▶ Work task
For every line in the material, output its text exactly and exclude any image it holds.

▶ Supplied information
※ ※ ※

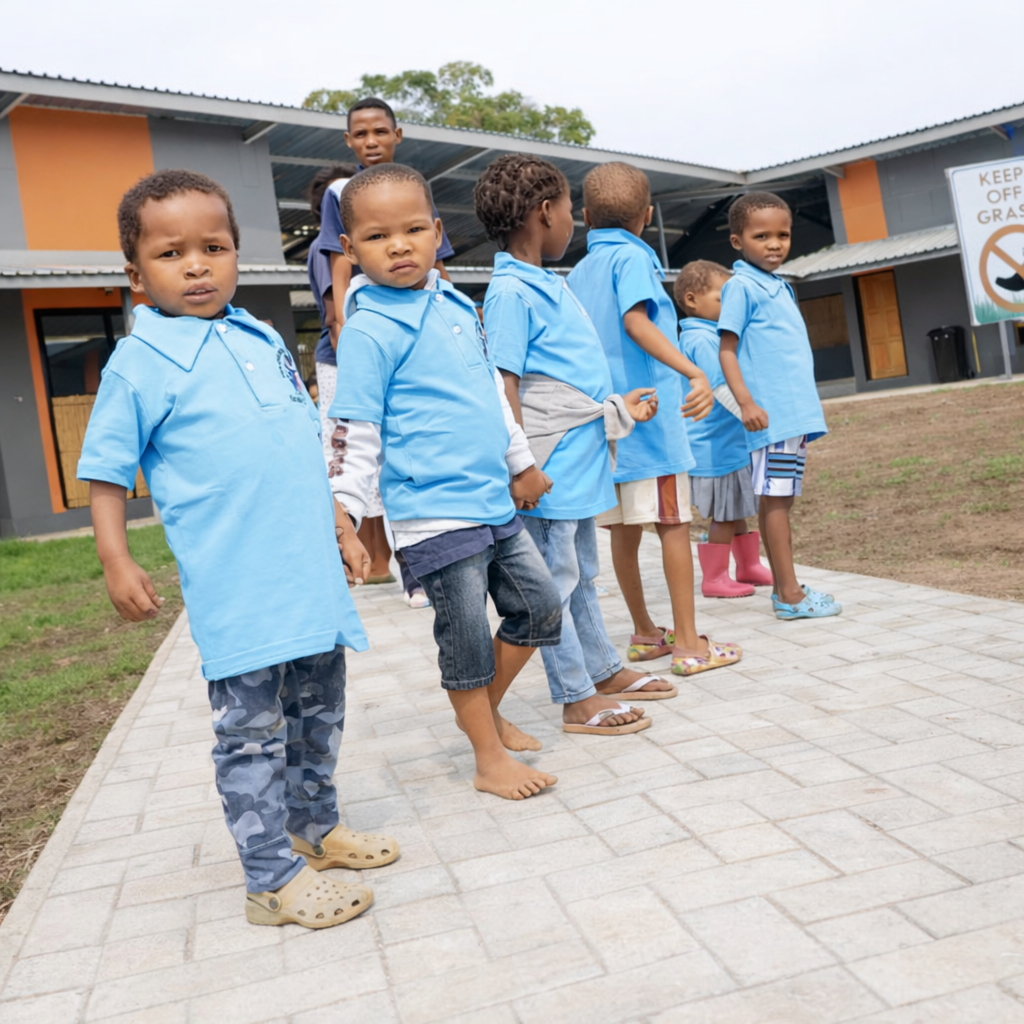 Children in blue shirts on walkway.png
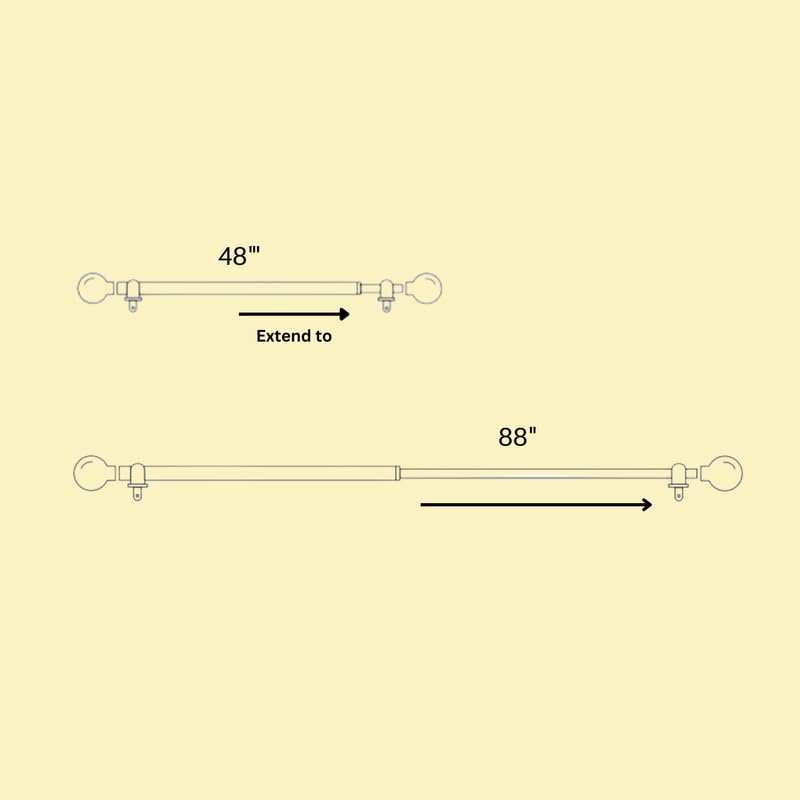 Image of The Decor Mart 52 inch to 96 inch Extendable Curtain Rod |1 inch Curtain Rods for Door & Windows Adjustable Iron Telescopic Drapery Bar with Ceramic Ball Finials | White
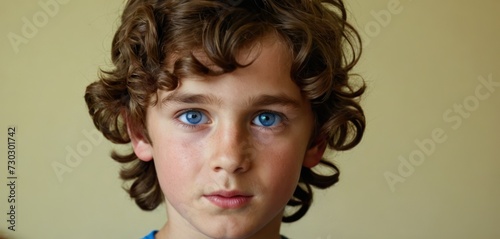 a young boy with curly hair and blue eyes is looking at the camera with a serious look on his face.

※ ※ ※

▶ Response to the task
 Children in blue shirts on walkway.png
 Image of The Decor Mart 52 inch to 96 inch Extendable Curtain Rod |1 inch Curtain Rods for Door & Windows Adjustable Iron Telescopic Drapery Bar with Ceramic Ball Finials | White
 a young boy with curly hair and blue eyes is looking at the camera with a serious look on his face.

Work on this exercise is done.